#### Records for processing

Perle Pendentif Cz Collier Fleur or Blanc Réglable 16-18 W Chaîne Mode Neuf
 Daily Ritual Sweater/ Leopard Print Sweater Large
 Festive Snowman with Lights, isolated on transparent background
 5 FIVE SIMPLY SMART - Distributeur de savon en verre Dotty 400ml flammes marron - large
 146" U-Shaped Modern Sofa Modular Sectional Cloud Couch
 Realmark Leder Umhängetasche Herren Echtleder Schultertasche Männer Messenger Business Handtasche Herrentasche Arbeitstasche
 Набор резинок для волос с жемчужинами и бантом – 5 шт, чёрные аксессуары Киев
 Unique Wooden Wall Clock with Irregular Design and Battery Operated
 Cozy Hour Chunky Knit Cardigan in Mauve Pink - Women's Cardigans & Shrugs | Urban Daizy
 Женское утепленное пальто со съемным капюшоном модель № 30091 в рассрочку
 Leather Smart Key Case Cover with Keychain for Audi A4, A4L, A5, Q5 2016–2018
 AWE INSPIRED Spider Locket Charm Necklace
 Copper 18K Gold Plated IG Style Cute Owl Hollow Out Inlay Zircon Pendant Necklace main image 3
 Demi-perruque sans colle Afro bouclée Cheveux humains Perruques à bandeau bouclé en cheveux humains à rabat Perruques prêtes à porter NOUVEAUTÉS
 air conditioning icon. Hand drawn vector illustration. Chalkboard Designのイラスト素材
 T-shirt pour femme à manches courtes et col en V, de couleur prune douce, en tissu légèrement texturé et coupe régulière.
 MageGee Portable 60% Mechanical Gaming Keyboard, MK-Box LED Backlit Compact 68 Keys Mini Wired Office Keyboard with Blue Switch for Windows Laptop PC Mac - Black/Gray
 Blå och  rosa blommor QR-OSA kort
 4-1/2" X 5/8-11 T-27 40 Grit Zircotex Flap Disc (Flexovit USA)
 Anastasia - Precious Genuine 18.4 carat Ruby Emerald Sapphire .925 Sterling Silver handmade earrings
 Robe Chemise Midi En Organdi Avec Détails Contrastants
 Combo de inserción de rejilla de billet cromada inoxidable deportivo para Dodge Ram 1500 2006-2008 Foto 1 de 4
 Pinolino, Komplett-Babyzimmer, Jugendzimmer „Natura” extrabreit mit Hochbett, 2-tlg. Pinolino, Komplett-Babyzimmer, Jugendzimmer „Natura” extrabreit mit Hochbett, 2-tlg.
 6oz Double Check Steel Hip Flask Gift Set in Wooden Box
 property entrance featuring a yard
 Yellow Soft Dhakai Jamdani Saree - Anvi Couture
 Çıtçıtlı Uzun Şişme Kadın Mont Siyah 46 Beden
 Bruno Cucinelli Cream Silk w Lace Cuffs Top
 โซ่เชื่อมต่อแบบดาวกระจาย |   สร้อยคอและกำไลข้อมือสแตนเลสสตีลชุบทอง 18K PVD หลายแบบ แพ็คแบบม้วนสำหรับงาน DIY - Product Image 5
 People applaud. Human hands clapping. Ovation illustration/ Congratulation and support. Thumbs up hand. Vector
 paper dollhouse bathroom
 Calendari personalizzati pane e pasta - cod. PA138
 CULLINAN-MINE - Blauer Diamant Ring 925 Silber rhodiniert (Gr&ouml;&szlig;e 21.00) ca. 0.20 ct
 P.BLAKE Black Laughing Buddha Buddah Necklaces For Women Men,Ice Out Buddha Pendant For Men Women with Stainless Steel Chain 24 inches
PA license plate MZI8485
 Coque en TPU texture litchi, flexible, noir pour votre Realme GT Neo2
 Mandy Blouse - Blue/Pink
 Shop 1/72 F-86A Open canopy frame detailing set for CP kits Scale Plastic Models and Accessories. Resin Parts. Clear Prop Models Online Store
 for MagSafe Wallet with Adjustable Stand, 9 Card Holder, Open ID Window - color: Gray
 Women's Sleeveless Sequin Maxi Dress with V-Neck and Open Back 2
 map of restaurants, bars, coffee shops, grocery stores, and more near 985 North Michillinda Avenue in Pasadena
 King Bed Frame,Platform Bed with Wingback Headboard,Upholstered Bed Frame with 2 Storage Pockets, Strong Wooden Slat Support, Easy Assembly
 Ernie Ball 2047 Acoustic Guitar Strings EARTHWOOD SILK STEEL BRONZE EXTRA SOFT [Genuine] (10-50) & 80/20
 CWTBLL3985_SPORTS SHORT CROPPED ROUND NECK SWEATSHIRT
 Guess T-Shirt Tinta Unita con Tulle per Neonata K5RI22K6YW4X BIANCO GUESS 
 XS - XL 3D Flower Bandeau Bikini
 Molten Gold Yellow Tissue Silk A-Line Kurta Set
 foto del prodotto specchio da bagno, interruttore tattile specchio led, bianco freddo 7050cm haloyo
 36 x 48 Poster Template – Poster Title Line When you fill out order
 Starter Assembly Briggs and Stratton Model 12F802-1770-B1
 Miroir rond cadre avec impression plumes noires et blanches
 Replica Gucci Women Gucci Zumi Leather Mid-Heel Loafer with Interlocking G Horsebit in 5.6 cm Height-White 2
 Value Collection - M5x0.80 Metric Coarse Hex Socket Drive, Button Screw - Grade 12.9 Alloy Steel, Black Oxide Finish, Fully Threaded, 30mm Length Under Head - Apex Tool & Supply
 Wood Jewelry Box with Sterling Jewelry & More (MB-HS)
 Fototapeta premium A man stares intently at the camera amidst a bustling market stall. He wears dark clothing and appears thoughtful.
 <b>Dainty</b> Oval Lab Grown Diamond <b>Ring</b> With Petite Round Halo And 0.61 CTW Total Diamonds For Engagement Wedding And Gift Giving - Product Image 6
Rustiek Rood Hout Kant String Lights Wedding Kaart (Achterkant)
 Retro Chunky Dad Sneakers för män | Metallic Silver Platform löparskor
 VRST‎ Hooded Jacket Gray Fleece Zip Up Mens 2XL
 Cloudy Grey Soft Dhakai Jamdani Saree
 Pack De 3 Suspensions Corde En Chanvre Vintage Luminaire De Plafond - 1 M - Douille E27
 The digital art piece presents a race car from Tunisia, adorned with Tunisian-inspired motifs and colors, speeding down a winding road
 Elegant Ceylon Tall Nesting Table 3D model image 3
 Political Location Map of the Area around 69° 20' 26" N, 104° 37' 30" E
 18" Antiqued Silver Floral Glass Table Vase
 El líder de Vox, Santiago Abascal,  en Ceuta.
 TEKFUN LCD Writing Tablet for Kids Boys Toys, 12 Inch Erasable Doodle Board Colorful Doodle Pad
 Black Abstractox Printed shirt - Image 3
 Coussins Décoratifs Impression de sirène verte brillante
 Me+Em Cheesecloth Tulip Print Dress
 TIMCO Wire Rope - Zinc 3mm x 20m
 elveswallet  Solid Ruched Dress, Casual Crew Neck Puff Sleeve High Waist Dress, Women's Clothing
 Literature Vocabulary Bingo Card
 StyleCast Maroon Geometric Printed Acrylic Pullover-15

########

What the task requires ::
Scan the material above for lines that contain the string "Gray", and copy each such line.

Answer for the task ::
 MageGee Portable 60% Mechanical Gaming Keyboard, MK-Box LED Backlit Compact 68 Keys Mini Wired Office Keyboard with Blue Switch for Windows Laptop PC Mac - Black/Gray
 for MagSafe Wallet with Adjustable Stand, 9 Card Holder, Open ID Window - color: Gray
 VRST‎ Hooded Jacket Gray Fleece Zip Up Mens 2XL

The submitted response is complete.